Not one to ponder long over a broodmare sire – “when you look at good horses, the broodmare sire can come from anywhere” – Abrahams is more enthused over the High Chaparral sire line.
“We’ve struggled with it a bit in Australia but now High Chaparral has a bunch of young stallions coming through, like Dundeel and his son Castelvecchio,” Abrahams says.
“Contributer is getting a lot of runners now and they’re starting to come out earlier than I expected. He had a Group 2-winning filly last week in New Zealand (Llanacord), and then by Saturday he had a Group 1 winner as well.
“What I really like about him now is he’s getting fillies. That sire line is notorious for colts being better than fillies.

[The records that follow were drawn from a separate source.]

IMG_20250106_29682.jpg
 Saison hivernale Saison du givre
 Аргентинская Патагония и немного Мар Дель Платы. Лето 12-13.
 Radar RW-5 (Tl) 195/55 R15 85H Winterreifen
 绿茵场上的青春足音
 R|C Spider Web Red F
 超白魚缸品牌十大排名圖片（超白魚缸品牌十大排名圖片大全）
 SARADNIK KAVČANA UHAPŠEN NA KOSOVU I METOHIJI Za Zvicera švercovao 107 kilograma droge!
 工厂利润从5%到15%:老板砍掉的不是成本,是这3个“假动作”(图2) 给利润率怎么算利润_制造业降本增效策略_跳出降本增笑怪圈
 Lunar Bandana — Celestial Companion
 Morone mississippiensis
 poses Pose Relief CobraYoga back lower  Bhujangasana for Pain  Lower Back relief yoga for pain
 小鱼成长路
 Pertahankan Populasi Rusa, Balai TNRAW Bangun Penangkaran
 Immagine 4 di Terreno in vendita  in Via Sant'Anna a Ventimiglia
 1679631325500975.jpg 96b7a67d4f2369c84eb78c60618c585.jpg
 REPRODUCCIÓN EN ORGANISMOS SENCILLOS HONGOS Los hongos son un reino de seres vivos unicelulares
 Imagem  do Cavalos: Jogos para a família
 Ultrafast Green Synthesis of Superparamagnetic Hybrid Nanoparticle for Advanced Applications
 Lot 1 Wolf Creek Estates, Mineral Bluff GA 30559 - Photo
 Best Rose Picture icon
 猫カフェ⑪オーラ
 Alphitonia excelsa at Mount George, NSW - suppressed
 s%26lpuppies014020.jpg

So I feel that he might be a superior stallion, because he’s doing it really well with fillies.
“Most of that sireline have struggled with fillies because they’re not big eaters and they’ve all been a bit fizzy mentally, so they’ve struggled in the Australasian training environment. But the fact Contributer is getting these fillies is a really good leading indicator to him being a better than average stallion over time.”
If Lion’s Roar can continue to shine in his three-year-old window, and indeed beyond, his story will certainly be one in which the results will bear out a hunch about his sire that was in a way thrust upon O’Shea and Abrahams, two men who were certainly in the right place at the right time at that Karaka sale two years ago.